The Bright Line: Understanding the Scope and Limitations of Bioscience

by David Dyer Ph.D.

In his 2007 letter titled “Our Biotech Future,” physicist and futurist Freeman Dyson envisioned a world where biotechnology infiltrates all aspects of human existence. From trees that generate power for homes to designer plants, animals, and people, Dyson believed the trend of biotechnology would lean toward commercialization and decentralization, much as computers have moved away from large centralized systems toward PCs and other personal electronics. Then, the idea that biotechnology applications should follow such a trend may have seemed like pure science fiction. Not now.

In July 2017, U.S. researchers successfully edited the genes of 167 human embryos to remove a mutation coding for a hereditary heart condition known as hypertrophic cardiomyopathy. This application of the gene-editing technology known as CRISPR-Cas9 stunned the world’s medical communities, not only for its successful outcome, but also for crossing the ethical “bright line” of applying gene-editing technology to humans. We now live in an age where biotechnology affects practically every aspect of our lives, including food supply, medical therapeutics, energy production, and environmental remediation. Diseases such as Hepatitis C can now actually be cured (a term not taken lightly in the medical science community), and other viral diseases, including HIV and HSV, are moving down the same path. Top innovations for 2016 included smart contact lenses for detection of glaucoma, diabetes, and hypertension; prosthetics that provide sensory feedback; autonomous wheelchairs; and affordable, personalized genome sequencing.

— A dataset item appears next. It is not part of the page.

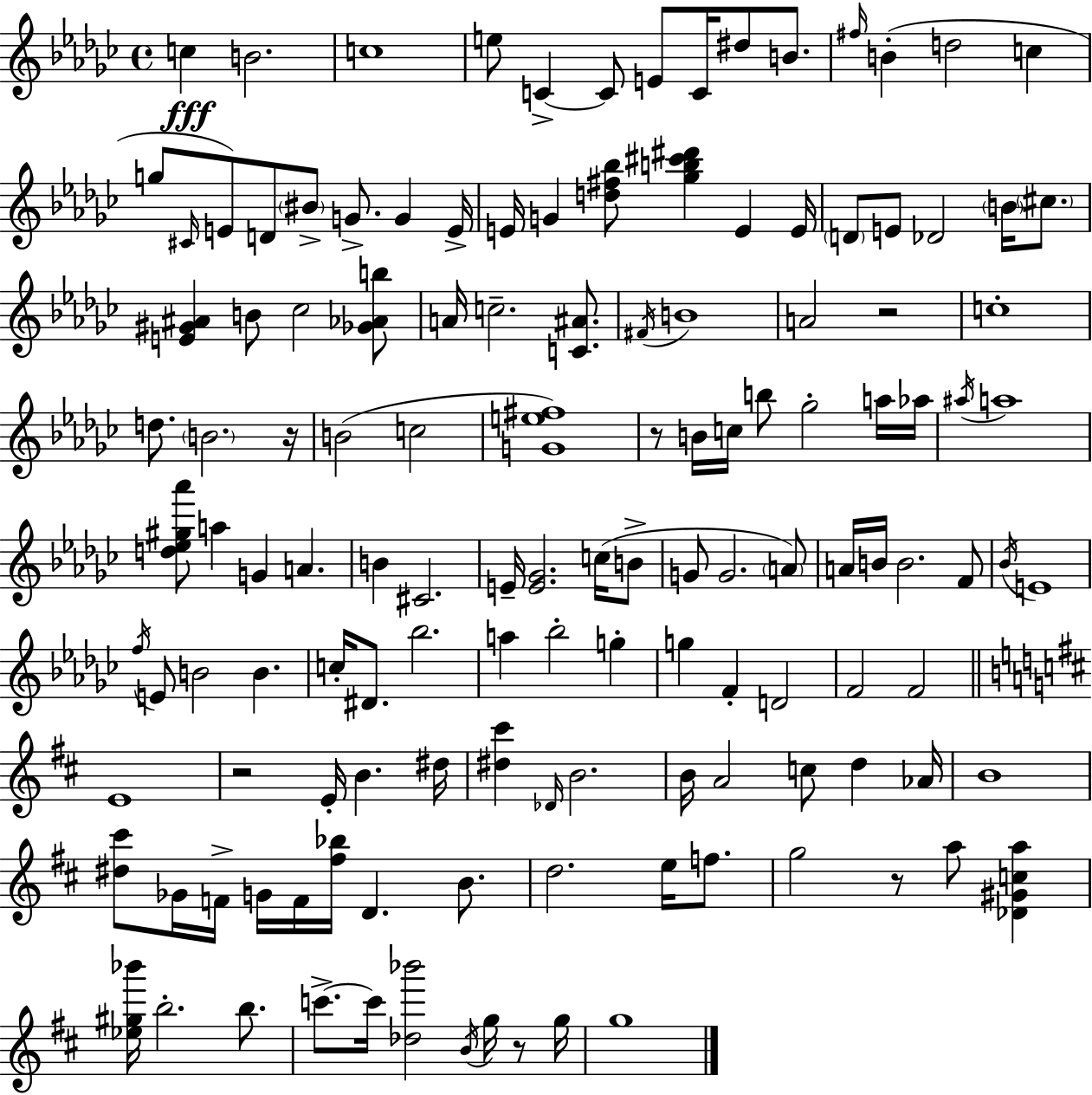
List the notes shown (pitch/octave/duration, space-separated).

C5/q B4/h. C5/w E5/e C4/q C4/e E4/e C4/s D#5/e B4/e. F#5/s B4/q D5/h C5/q G5/e C#4/s E4/e D4/e BIS4/e G4/e. G4/q E4/s E4/s G4/q [D5,F#5,Bb5]/e [Gb5,B5,C#6,D#6]/q E4/q E4/s D4/e E4/e Db4/h B4/s C#5/e. [E4,G#4,A#4]/q B4/e CES5/h [Gb4,Ab4,B5]/e A4/s C5/h. [C4,A#4]/e. F#4/s B4/w A4/h R/h C5/w D5/e. B4/h. R/s B4/h C5/h [G4,E5,F#5]/w R/e B4/s C5/s B5/e Gb5/h A5/s Ab5/s A#5/s A5/w [D5,Eb5,G#5,Ab6]/e A5/q G4/q A4/q. B4/q C#4/h. E4/s [E4,Gb4]/h. C5/s B4/e G4/e G4/h. A4/e A4/s B4/s B4/h. F4/e Bb4/s E4/w F5/s E4/e B4/h B4/q. C5/s D#4/e. Bb5/h. A5/q Bb5/h G5/q G5/q F4/q D4/h F4/h F4/h E4/w R/h E4/s B4/q. D#5/s [D#5,C#6]/q Db4/s B4/h. B4/s A4/h C5/e D5/q Ab4/s B4/w [D#5,C#6]/e Gb4/s F4/s G4/s F4/s [F#5,Bb5]/s D4/q. B4/e. D5/h. E5/s F5/e. G5/h R/e A5/e [Db4,G#4,C5,A5]/q [Eb5,G#5,Bb6]/s B5/h. B5/e. C6/e. C6/s [Db5,Bb6]/h B4/s G5/s R/e G5/s G5/w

This flurry of innovation has triggered a steady expansion of companies and jobs in biopharma, medical devices, medical testing and research, high-tech manufacturing, and agriculture—the five industry sectors of the bioscience business community. According to the 2017 California Life Sciences Industry annual report, our state is home to 3,040 life sciences companies (192 more than last year) that employ more than 287,000 people. This highly trained workforce has developed novel drugs (1,269 currently in the FDA approval pipeline), devices and diagnostics (264 devices approved in 2015-16), and applications of biotechnology to produce sustainable energy. These companies produced more than $147 billion in revenue, received $4.4 billion in venture capital funding, and drove $22 billion in exports. The counties of Los Angeles and Orange boast approximately one-third of the total California-based bioscience companies, making it the second-largest bioscience business cluster in the United States, and analysts expect this trend of productivity and growth in local and national businesses to continue.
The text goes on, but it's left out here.